--- SOURCE MATERIAL ---

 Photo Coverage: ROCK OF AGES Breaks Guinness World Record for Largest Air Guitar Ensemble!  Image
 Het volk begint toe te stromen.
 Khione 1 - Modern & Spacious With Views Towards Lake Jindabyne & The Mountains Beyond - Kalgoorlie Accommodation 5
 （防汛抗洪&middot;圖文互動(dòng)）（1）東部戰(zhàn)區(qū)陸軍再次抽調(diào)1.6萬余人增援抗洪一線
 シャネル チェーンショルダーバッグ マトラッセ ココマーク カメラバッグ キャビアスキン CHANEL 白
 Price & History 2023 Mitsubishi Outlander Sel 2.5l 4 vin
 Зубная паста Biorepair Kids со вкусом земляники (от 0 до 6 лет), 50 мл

---

Set down all of the data above, word for word.

■ SOLUTION TO THIS TASK
 Photo Coverage: ROCK OF AGES Breaks Guinness World Record for Largest Air Guitar Ensemble!  Image
 Het volk begint toe te stromen.
 Khione 1 - Modern & Spacious With Views Towards Lake Jindabyne & The Mountains Beyond - Kalgoorlie Accommodation 5
 （防汛抗洪&middot;圖文互動(dòng)）（1）東部戰(zhàn)區(qū)陸軍再次抽調(diào)1.6萬余人增援抗洪一線
 シャネル チェーンショルダーバッグ マトラッセ ココマーク カメラバッグ キャビアスキン CHANEL 白
 Price & History 2023 Mitsubishi Outlander Sel 2.5l 4 vin
 Зубная паста Biorepair Kids со вкусом земляники (от 0 до 6 лет), 50 мл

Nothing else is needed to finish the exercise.